Mario Desbordes – La majorité des décès ayant eu lieu durant les manifestions sont à mettre en lien avec les incendies et les pillages. Pour le reste, environ sept décès, des investigations sont en cours pour savoir si il y a un abus du côté de l’Etat. Renovación Nacional, le plus grand parti du Chili, travaille sur quatre grands chantiers pour aider le gouvernement à trouver une sortie de crise. Le premier concerne la reforme sociale qui doit se confronter à la réforme des retraites. Nous voulons avancer sur un système mixte avec une solidarité intergénérationnelle. Ensuite, nous devons nous occuper de la réforme du système de santé. Nous avons un fonctionnement très segmenté : 30 % privé et 70 % public. Il faut également travailler avec les industries pharmaceutiques pour baisser le prix des médicaments. Nous sommes l’un des pays d’Amérique latine où les médicaments coûtent les plus chers. Enfin, nous devons réduire les abus. Au Chili, il y a un sentiment d’abus tant dans le secteur public que dans le secteur privé. En parallèle de toutes ces réformes, nous devons moderniser la police et donner plus de ressources aux procureurs pour condamner les délits. Pour finir, le dernier grand chantier qui nous attend, c’est de consolider une stabilité constitutionnelle pour arriver à un changement de Constitution l’année prochaine. La Constitution chilienne est bonne, selon moi, mais elle ne reflète pas ou n’identifie pas la majorité des Chiliens.
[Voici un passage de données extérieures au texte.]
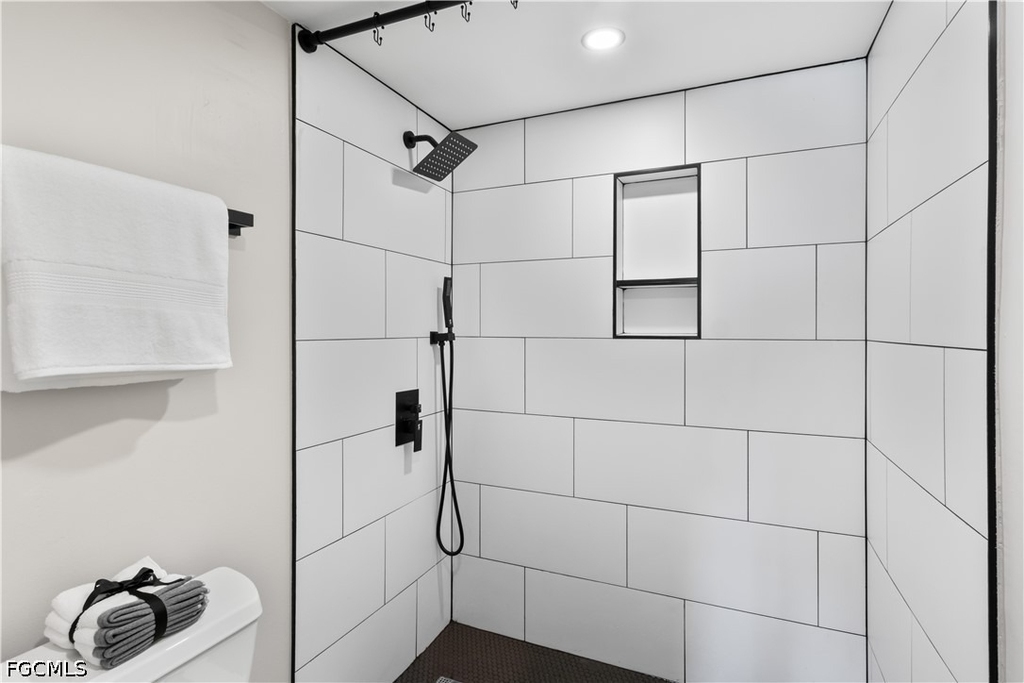 25804 Cockleshell Drive - Photo 18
RPP – En avril 2020, le gouvernement organise un référendum pour un changement de Constitution. Pensez-vous que c’est une bonne solution ?
Mario Desbordes – Nous (Renovación Nacional) avons aidé à la création du mécanisme pour une nouvelle Constitution. Nous voulons une démocratie représentative avec une convention ou une assemblée constituante. Nous avons de bonnes relations avec les partis d’opposition. Si le oui l’emporte, une nouvelle Constitution sera écrite. C’est un processus que les Français ont vécu avec la IVe et la Ve République. Nous espérons qu’il y aura une grande participation à ce référendum. La démocratie participative c’est également les cabildos (réunion entre les habitants pour évoquer les améliorations possibles et les problèmes rencontrés) organisés dans les quartiers de manière autonome ou non. Si le non l’emporte, il n’y aura pas de nouvelle Constitution mais des réformes. Pour ma part, je crois que le oui va l’emporter. Le Chili a besoin d’un changement.
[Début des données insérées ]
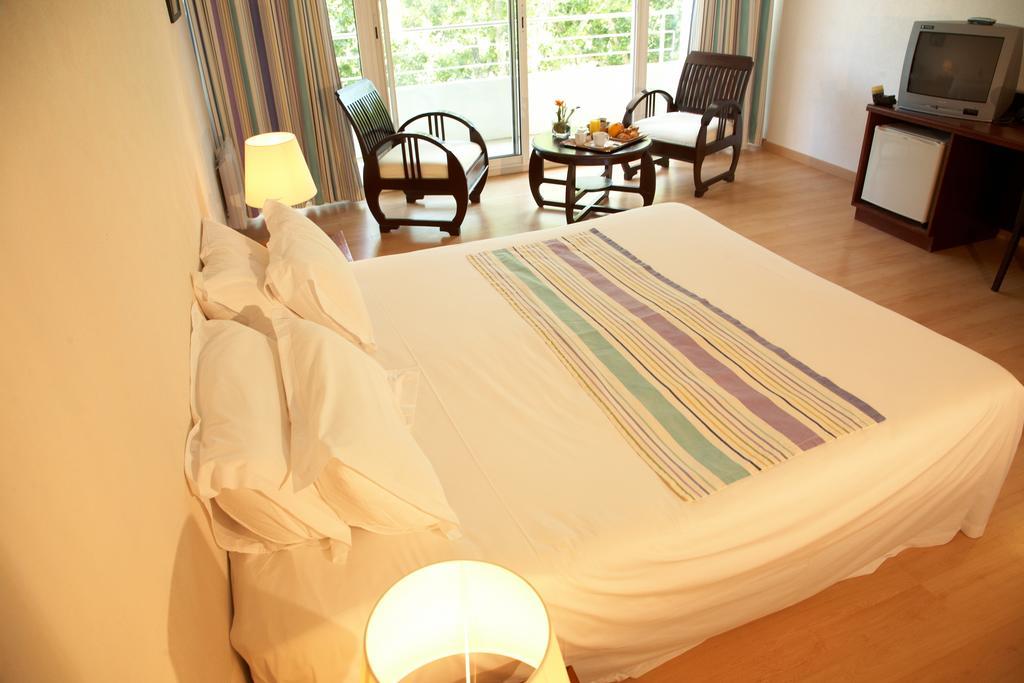 Hotel Kerloc'H Gwen Quimper Комбри Экстерьер фото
RPP – En 2019, le Chili a connu une crise sociale et politique sans précédent. Quels changements pour 2020 ?
Mario Desbordes – Il faut aborder la crise avec une approche positive. C’est à dire, transformer la crise en une opportunité pour le pays. Je suis issu de la classe moyenne et j’ai étudié dans une école publique pauvre. Mon fils manifeste car mon père a une faible retraite. J’ai la conviction que cette crise est une opportunité pour le Chili. Si on écoute les demandes légitimes de la société civile, on peut avancer. Nous avons fait des progrès, dans les années 90 il y avait 40 % de personnes en dessous du seuil de pauvreté, aujourd’hui nous sommes à moins de 10 %. Le problème, c’est que les aides ne profitent pas à toutes les personnes. En 1910, le Chili a connu une crise due à la population des campagnes venue s’installer dans les villes. Cette crise, c’est la crise du bicentenaire. C’est une remise en question de notre société.